§ Your task
The records that follow are to be repeated exactly, with no pictures carried over.

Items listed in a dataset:
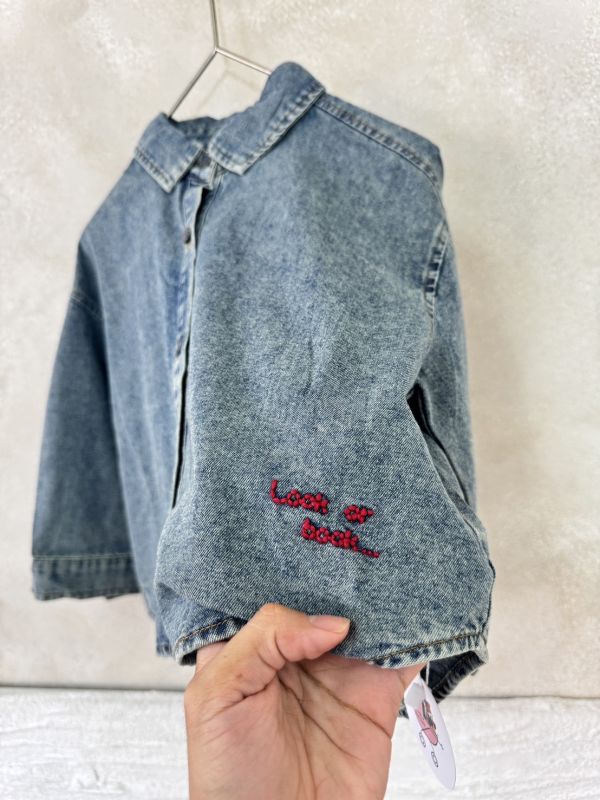 字母刺繡復古刷色牛仔襯衫上衣 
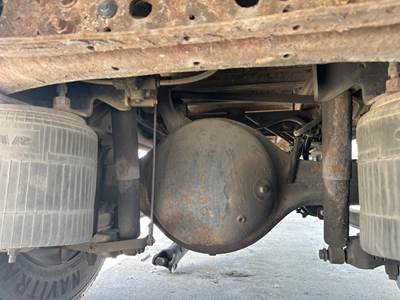 Eaton 21060S Rear Axle Housing for a International Durastar (4300)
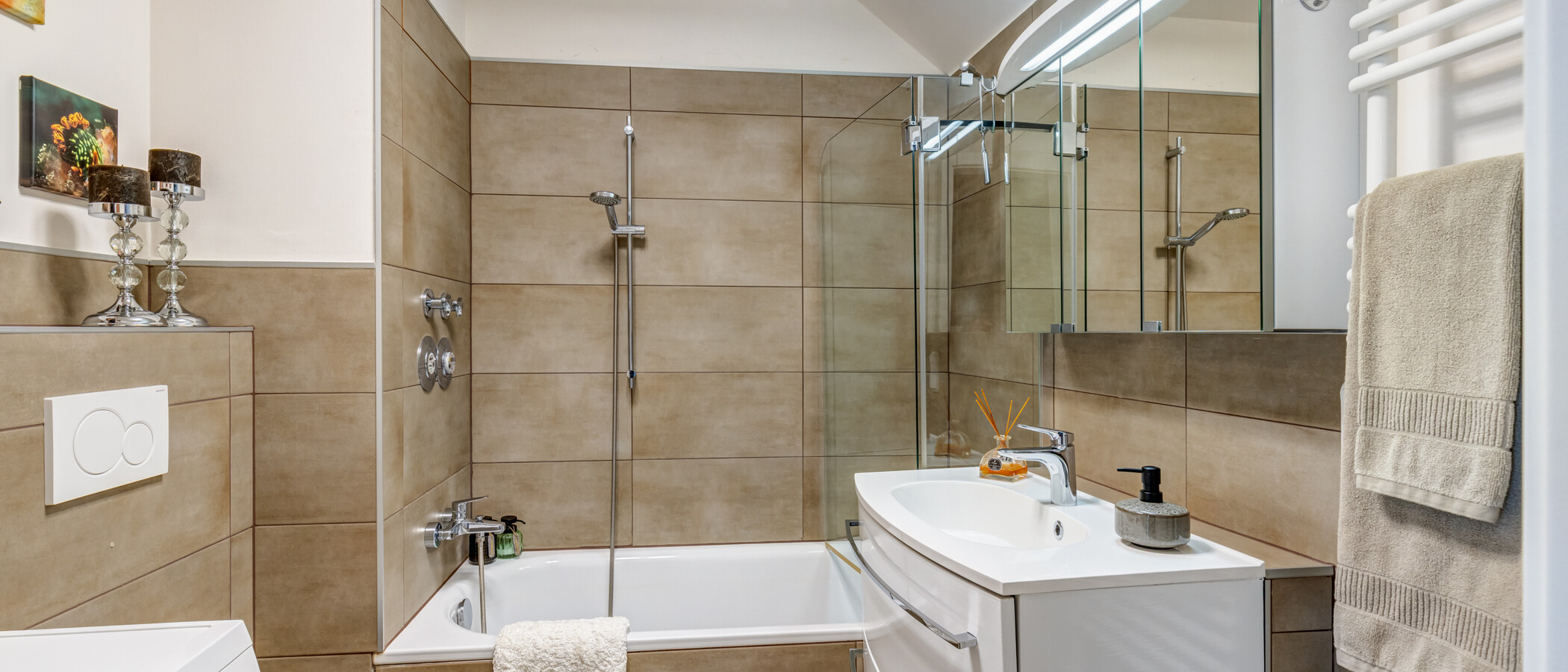 attic apartment Unterschleißheim 01 bathroom 15029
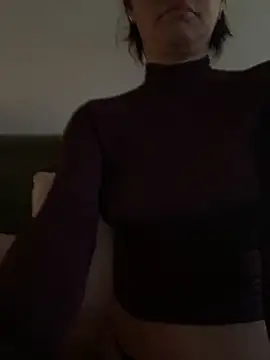 Snapshot of Bluedreams999 chatting on 01/06/26, 03:27 Bluedreams999 online show from 01/06/26, 03:27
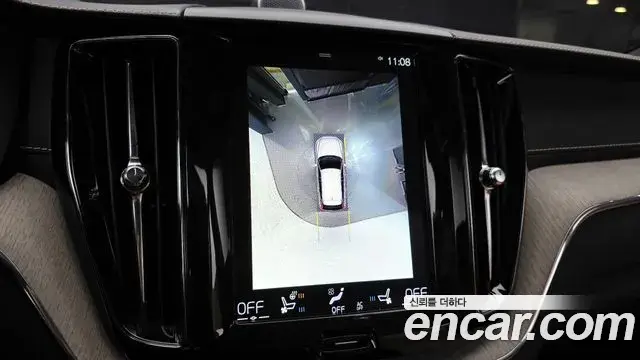 Volvo XC60 2019 — Фото 15/20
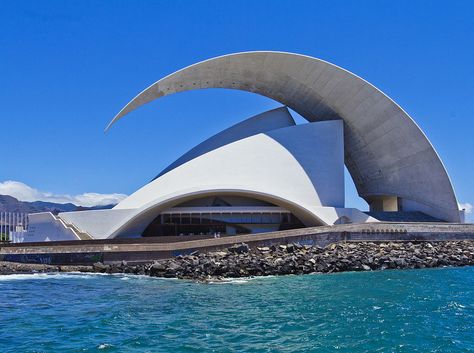 Auditorio de Tenerife „Adán Martín“ in Santa Cruz de Tenerife | © Koppchen/WikiCommons Calatrava Architecture, Expressionism Architecture, Opera Theatre, Contemporary Fonts, Stunning Architecture, Unusual Buildings, Santiago Calatrava, Amazing Buildings, Concert Hall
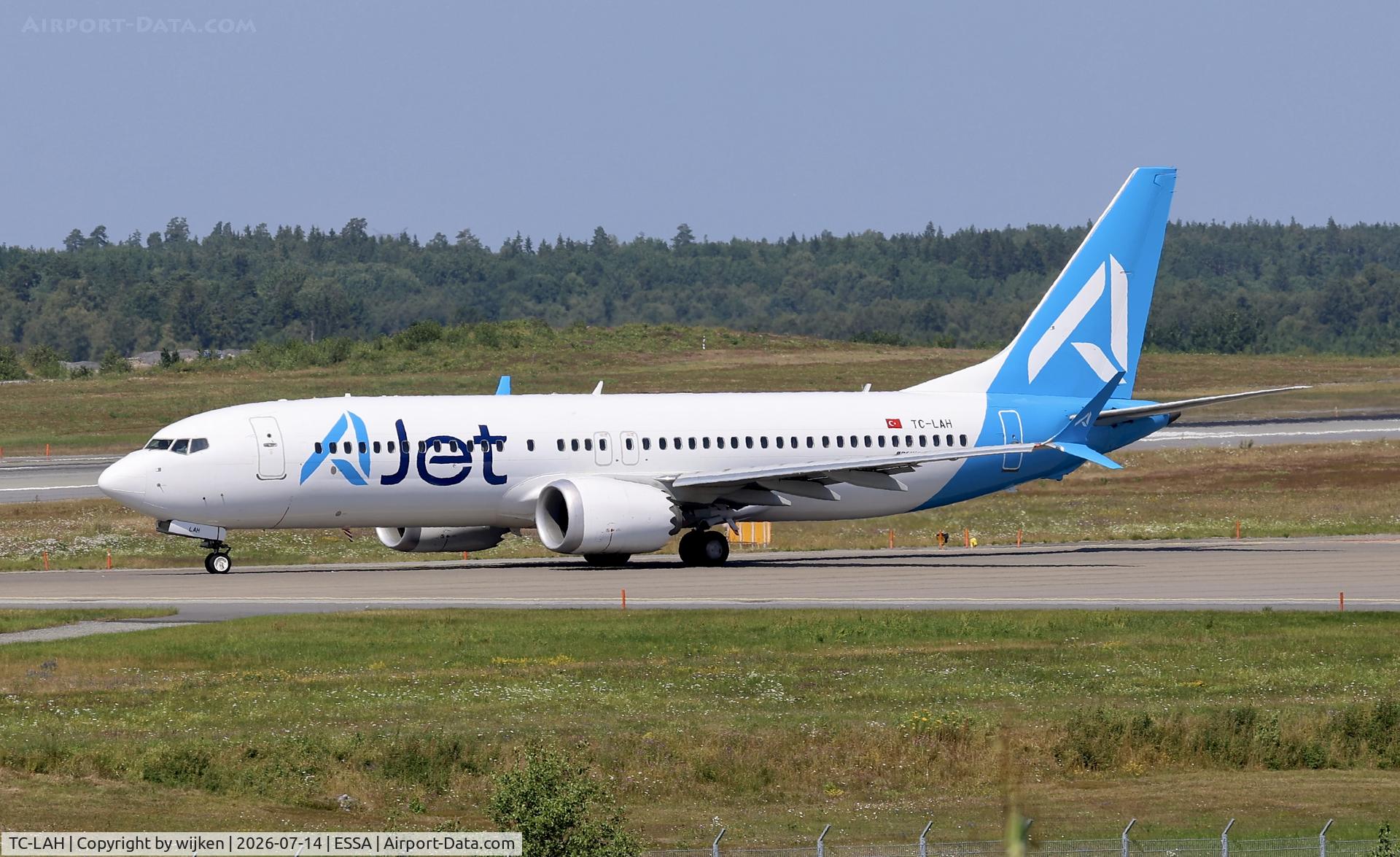 TC-LAH, 2021 Boeing 737-8 Max, c/n 61845 l/n 8149, Rwy 01L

§ Result for this task
 字母刺繡復古刷色牛仔襯衫上衣 
 Eaton 21060S Rear Axle Housing for a International Durastar (4300)
 attic apartment Unterschleißheim 01 bathroom 15029
 Snapshot of Bluedreams999 chatting on 01/06/26, 03:27 Bluedreams999 online show from 01/06/26, 03:27
 Volvo XC60 2019 — Фото 15/20
 Auditorio de Tenerife „Adán Martín“ in Santa Cruz de Tenerife | © Koppchen/WikiCommons Calatrava Architecture, Expressionism Architecture, Opera Theatre, Contemporary Fonts, Stunning Architecture, Unusual Buildings, Santiago Calatrava, Amazing Buildings, Concert Hall
 TC-LAH, 2021 Boeing 737-8 Max, c/n 61845 l/n 8149, Rwy 01L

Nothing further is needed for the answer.